# REQUIRED ACTION:
Your output should be the lines from the one with "Wall-mounted console in" through the end of the entries below, set down word for word and nothing else.

# EXTRACTED DATA:
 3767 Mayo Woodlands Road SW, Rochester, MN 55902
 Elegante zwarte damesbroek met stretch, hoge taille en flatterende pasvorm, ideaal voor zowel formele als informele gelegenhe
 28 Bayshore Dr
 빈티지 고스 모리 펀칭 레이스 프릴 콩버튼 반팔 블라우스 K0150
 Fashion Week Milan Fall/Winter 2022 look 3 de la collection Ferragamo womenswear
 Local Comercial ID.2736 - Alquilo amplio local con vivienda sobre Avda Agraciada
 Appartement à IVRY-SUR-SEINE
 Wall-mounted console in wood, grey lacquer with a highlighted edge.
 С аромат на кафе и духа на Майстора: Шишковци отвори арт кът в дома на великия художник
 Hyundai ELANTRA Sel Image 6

# TASK SOLUTION:
 Wall-mounted console in wood, grey lacquer with a highlighted edge.
 С аромат на кафе и духа на Майстора: Шишковци отвори арт кът в дома на великия художник
 Hyundai ELANTRA Sel Image 6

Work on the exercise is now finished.